MATERIAL FOR THE TASK section start

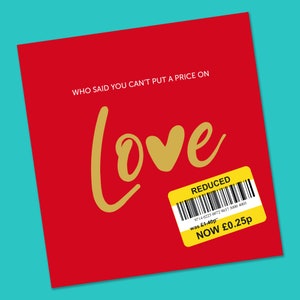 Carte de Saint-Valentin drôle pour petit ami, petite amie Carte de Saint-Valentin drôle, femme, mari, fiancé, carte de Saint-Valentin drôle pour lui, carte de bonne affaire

MATERIAL FOR THE TASK section end
MATERIAL FOR THE TASK section start

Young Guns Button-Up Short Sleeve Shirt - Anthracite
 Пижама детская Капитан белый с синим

MATERIAL FOR THE TASK section end

### PROMPT
Transcribe the records above from the line holding "Young Guns Button-Up" down to the line holding "Пижама детская Капитан белый с синим", inclusive, without adding anything.

### EXERCISE SOLUTION
Young Guns Button-Up Short Sleeve Shirt - Anthracite
 Пижама детская Капитан белый с синим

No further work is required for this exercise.